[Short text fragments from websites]

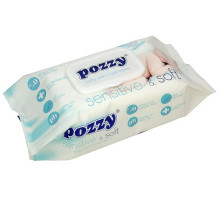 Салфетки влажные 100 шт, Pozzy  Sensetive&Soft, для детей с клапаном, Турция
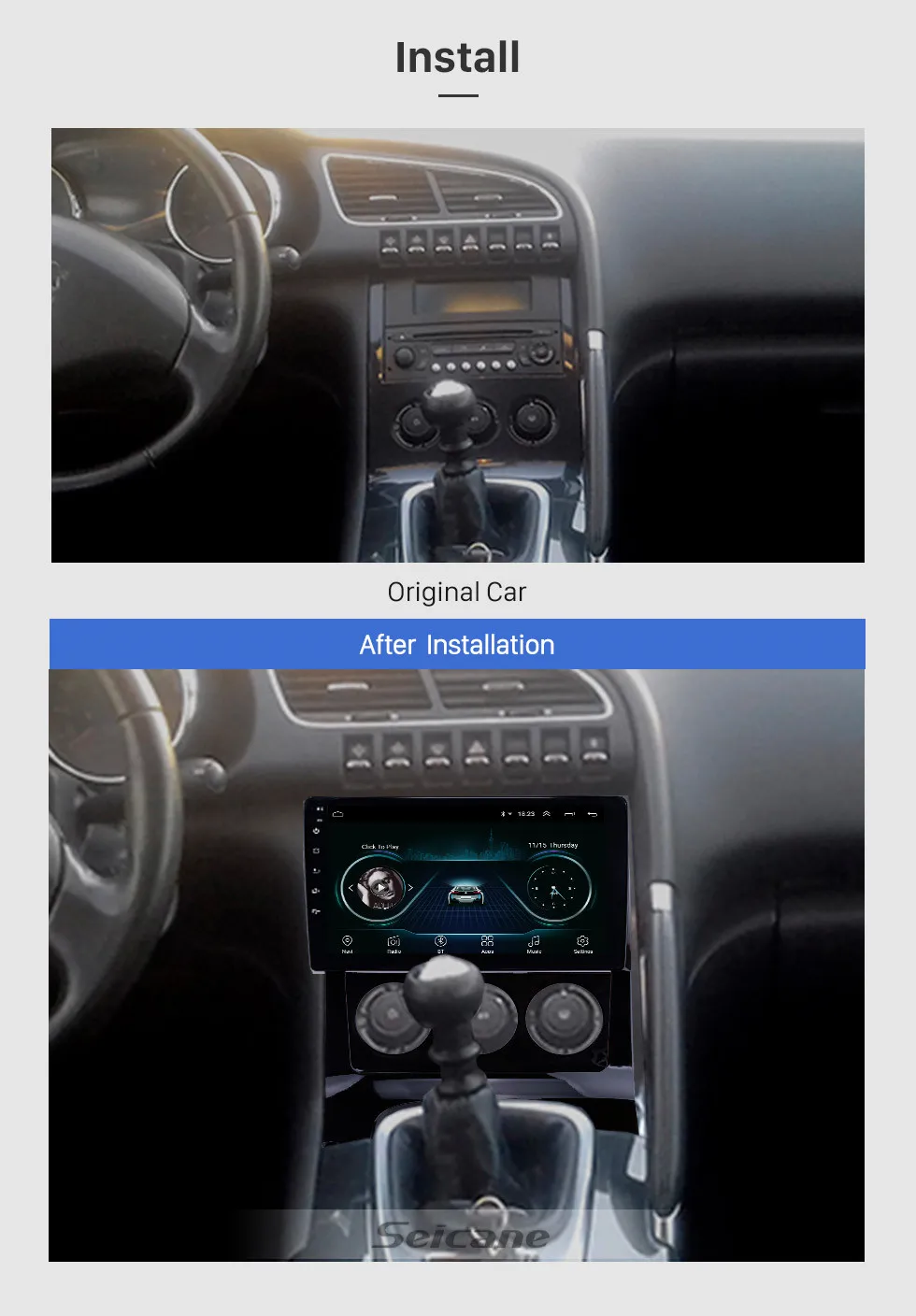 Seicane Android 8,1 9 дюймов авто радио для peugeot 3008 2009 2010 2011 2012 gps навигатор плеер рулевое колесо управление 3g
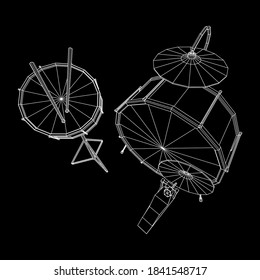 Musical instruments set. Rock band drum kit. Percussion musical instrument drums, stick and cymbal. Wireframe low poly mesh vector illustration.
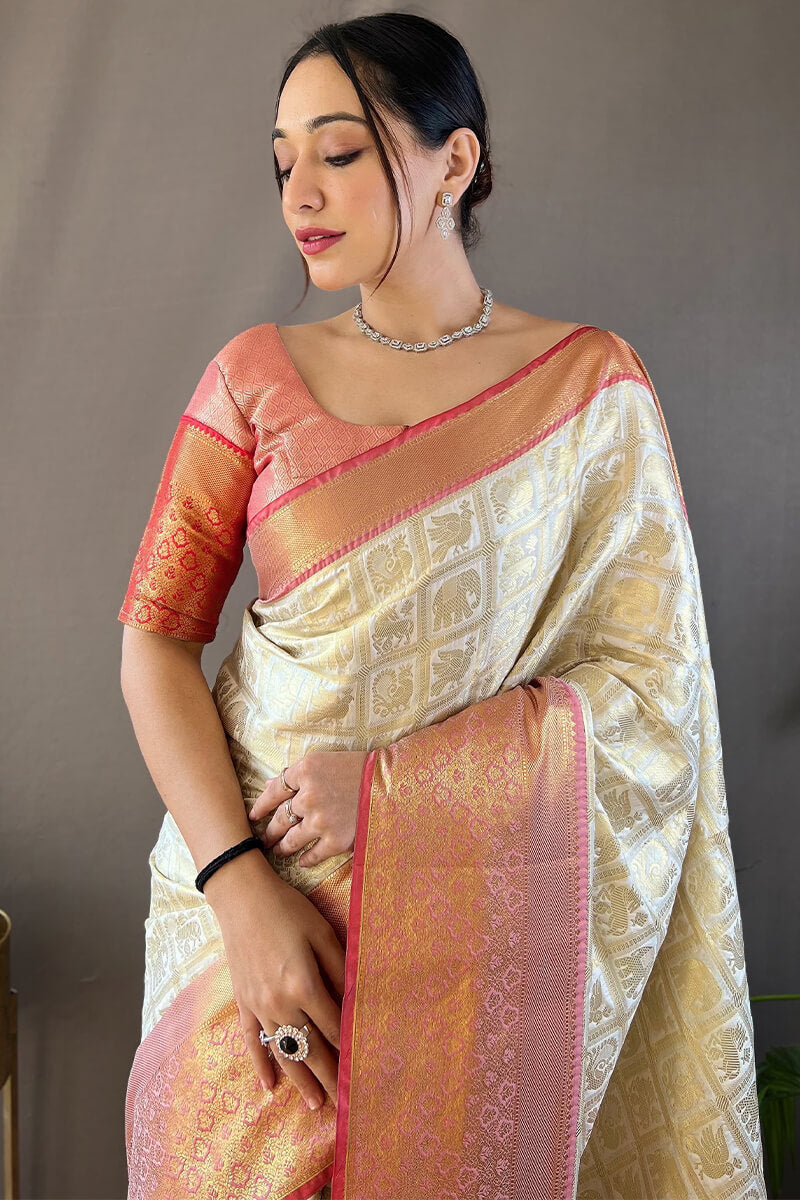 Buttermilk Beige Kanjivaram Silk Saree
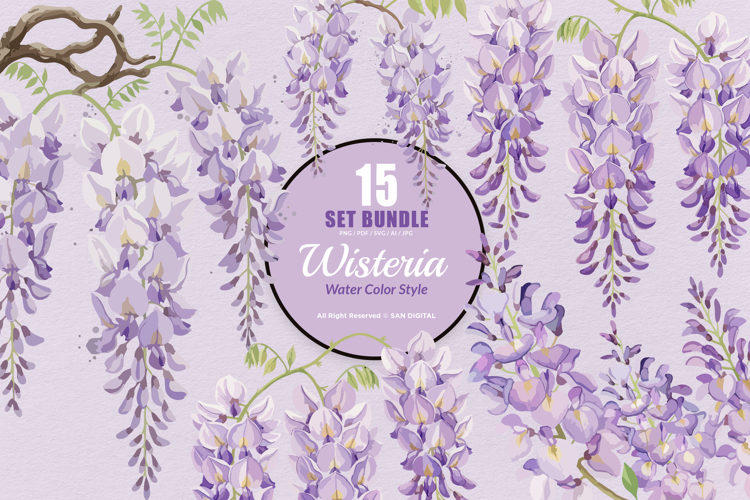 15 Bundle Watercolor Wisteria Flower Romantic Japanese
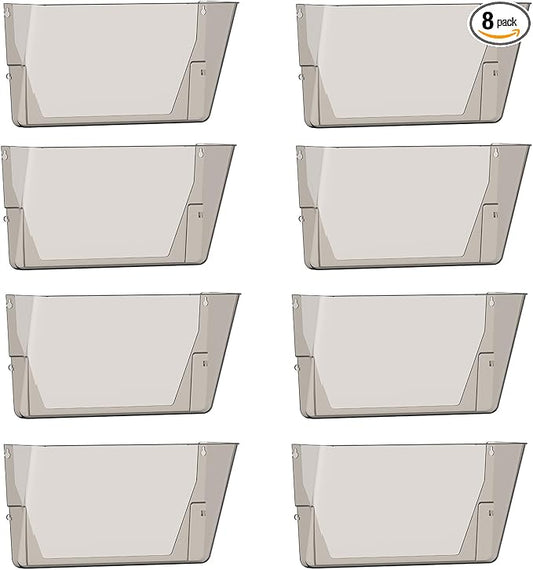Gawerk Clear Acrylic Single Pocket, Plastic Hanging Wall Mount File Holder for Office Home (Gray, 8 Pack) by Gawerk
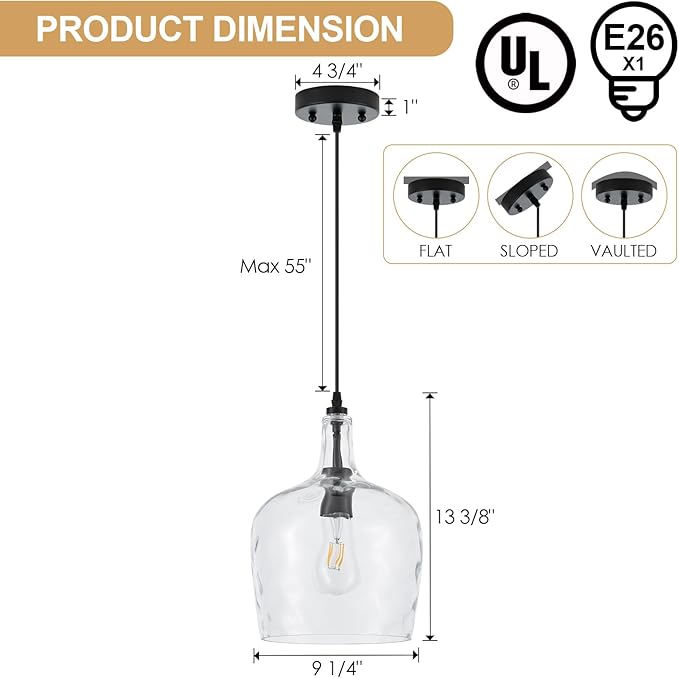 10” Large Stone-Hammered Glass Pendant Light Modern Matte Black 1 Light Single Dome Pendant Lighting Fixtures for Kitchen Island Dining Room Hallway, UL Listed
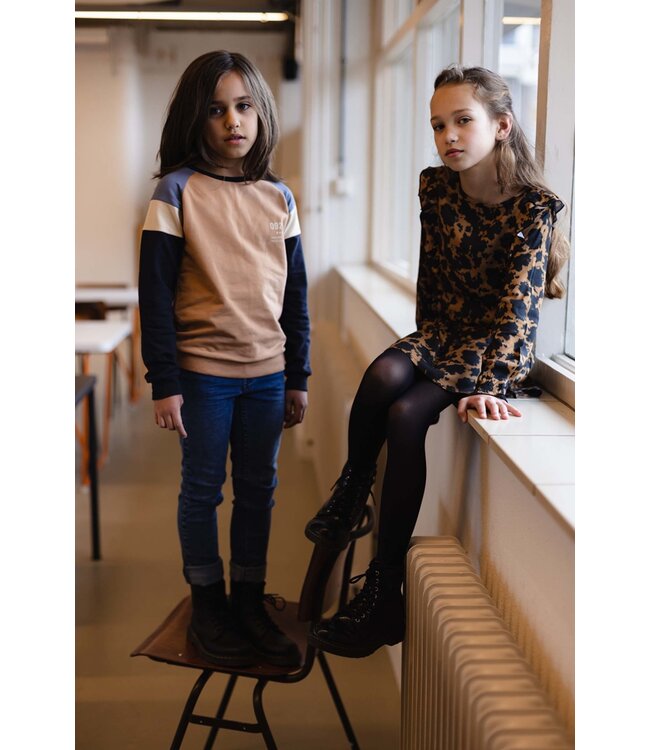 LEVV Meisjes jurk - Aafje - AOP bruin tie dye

§ **WHAT IS REQUIRED**: Start with the first line of the records above and end with the line containing "Gawerk Clear Acrylic". Output those lines exactly, pictures excluded.

§ **WRITTEN SOLUTION**:
 Салфетки влажные 100 шт, Pozzy  Sensetive&Soft, для детей с клапаном, Турция
 Seicane Android 8,1 9 дюймов авто радио для peugeot 3008 2009 2010 2011 2012 gps навигатор плеер рулевое колесо управление 3g
 Musical instruments set. Rock band drum kit. Percussion musical instrument drums, stick and cymbal. Wireframe low poly mesh vector illustration.
 Buttermilk Beige Kanjivaram Silk Saree
 15 Bundle Watercolor Wisteria Flower Romantic Japanese
Gawerk Clear Acrylic Single Pocket, Plastic Hanging Wall Mount File Holder for Office Home (Gray, 8 Pack) by Gawerk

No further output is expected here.